Wednesday, September 12, 2007

Nora's First Violin Lesson


Nora had her first violin lesson today and she really did a fantastic job! She worked with Mr. S and followed directions for nearly the full 30 minutes. There was even an observer who came into the room for most of the session and another one entered about half way through the lesson. The first observer was a young girl (12 years?) who was in book 7 and started with Mr. S at Nora's age. Her lesson was at 11:30 after Nora's, and she said she was early for the lesson - so she watched Nora's lesson in a relaxed manner without making any disturbance, as if it was the most interesting thing she could be doing at that time.
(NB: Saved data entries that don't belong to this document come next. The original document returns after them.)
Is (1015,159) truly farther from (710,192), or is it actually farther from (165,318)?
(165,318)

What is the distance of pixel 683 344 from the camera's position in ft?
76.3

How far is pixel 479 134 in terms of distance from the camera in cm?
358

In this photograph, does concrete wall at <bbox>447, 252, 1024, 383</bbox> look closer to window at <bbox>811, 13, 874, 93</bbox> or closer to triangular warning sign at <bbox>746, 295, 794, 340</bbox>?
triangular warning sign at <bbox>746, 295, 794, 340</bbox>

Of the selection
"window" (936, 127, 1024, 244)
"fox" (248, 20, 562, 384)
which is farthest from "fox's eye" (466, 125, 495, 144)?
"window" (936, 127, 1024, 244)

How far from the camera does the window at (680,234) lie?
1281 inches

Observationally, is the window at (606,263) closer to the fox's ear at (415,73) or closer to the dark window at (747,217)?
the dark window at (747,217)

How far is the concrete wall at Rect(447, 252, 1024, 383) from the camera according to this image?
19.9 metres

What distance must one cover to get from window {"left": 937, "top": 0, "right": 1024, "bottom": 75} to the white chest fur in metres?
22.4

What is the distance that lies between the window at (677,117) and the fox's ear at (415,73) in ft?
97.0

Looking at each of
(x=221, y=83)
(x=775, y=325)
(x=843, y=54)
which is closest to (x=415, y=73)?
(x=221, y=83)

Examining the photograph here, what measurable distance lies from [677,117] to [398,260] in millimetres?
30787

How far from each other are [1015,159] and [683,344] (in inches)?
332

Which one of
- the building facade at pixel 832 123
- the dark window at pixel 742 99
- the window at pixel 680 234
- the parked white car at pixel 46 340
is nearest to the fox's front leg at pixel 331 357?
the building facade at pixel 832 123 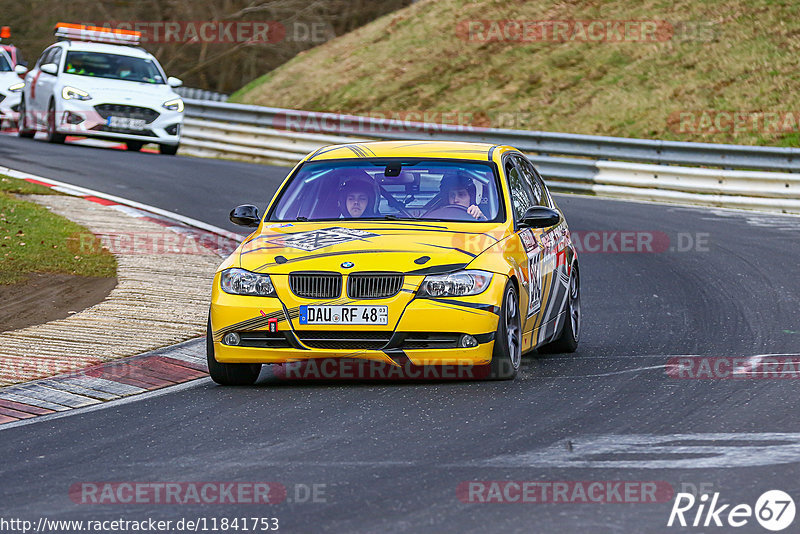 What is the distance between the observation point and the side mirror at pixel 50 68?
2595 cm

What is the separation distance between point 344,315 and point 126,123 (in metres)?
17.9

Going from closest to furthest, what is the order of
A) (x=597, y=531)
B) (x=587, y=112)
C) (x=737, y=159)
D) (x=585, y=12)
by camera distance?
(x=597, y=531) < (x=737, y=159) < (x=587, y=112) < (x=585, y=12)

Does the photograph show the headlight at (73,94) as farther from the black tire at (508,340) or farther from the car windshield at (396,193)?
the black tire at (508,340)

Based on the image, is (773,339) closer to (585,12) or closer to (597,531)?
(597,531)

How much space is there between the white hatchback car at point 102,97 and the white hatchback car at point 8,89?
2.41 metres

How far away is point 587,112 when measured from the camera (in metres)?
29.9

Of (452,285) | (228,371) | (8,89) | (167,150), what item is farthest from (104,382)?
(8,89)

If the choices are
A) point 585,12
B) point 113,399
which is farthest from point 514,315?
point 585,12

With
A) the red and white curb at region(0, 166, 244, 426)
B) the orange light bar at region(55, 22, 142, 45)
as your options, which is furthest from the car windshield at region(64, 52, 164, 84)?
the red and white curb at region(0, 166, 244, 426)

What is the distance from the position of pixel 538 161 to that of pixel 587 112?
19.7ft

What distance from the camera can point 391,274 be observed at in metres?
8.59

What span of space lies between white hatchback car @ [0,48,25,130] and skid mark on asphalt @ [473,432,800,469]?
25.1 meters

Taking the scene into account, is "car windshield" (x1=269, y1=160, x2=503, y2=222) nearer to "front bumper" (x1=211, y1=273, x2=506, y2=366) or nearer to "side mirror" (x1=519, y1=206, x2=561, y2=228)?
"side mirror" (x1=519, y1=206, x2=561, y2=228)

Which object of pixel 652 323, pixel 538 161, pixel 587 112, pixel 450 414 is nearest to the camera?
pixel 450 414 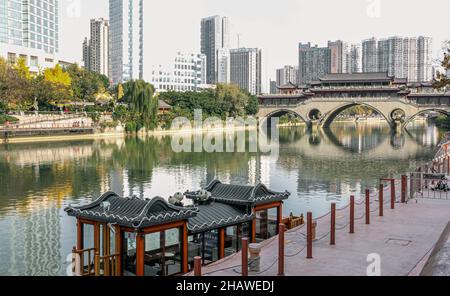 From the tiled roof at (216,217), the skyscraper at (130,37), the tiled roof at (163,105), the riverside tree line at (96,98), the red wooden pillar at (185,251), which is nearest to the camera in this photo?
the red wooden pillar at (185,251)

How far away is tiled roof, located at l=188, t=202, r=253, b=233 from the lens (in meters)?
12.3

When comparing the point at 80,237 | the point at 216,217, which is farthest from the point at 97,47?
the point at 80,237

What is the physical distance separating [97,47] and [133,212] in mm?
154426

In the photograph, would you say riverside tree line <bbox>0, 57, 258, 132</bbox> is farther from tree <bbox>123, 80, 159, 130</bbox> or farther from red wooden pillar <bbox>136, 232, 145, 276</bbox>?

She did not look at her music nor did she finger her violin in any way. Nora had eyes only for Mr. S during her lesson and worked well with Mima under the watchful eye of Mr. S too!


Nora loved holding her little green violin case while walking down the outdoor wooden staircases to the back of Mrs. Cole's violin lesson house, and back up the stairs at the end of the lesson. Mima did not love parking on the very steeply sloped driveway and slipping a bit on the leaves in the driveway, as she reversed the car back up the steep incline.

When we got to the back door we entered a foyer with carpets and chairs, took off our shoes, put the umbrella down, and sat in two of the waiting room chairs. Mr. S came to get us at 11:00, and said that next time we can walk right into his room, regardless of how many people might be playing in there. His studio room has an upright piano, a couch and a chair, in addition to his chair, which faces into the room and backs up to a very large corner picture window with views of nearby trees. He asked Nora to come to work directly in front of him, so that she faced Mr. S and the view of the outdoors (and the walkway with students coming and going.) He had to ask her to come closer a few times, especially after he has sent her over to the couch to do a rhythm with Mima. Once she even got too close to him, but he told her to move a bit back at that point. Nora did not seem to be disturbed at all by the pedestrian traffic in front of the window, as students passed by on their way to a group class being held in another room.

The first thing Mr. S did was ask us for our poster board to make Nora's foot chart (we will bring it on Friday). Undaunted he said that he thought that Nora could just work within an area on the rug today. He showed her the feet together “Resting Feet” or “red feet” position and then told her to point her toes outward with heels together and take a small step outward with both feet. This, he told her, would be “Playing Position” or “green feet.” She followed his directions very well for this task.


In this very first violin lesson Nora was not able to always correctly tell Mr. S what all the twinkle rhythms were - so he assigned just 3 of them (“Mississippi Hot Dog,” “Stop Big Bow Stop Big Bow,” “Huckleberry Huckleberry”) for "homework" and gave 3 different ways (channels) to teach them to her. Nora holds my hands to clap the rhythms, Nora moves my right hand in a “handshake” down and up from a starting position just above her own nose to the rhythm, and I brush the rhythm on her arm and ask her “what is this?”. While she is doing these rhythms she is supposed to be singing the twinkle melody in the rhythm pattern starting on an open “A” pitch. This singing was particularly hard for her although she was able to join Mima (who was singing very softly) to sing these most of the time. At home she complained that she thought that Mima and Mommy sang so much better than her, she did not want to try to sing. Mr. S reminded her to sing when she guided Mima's hands for the clapping and the handshake rhythms.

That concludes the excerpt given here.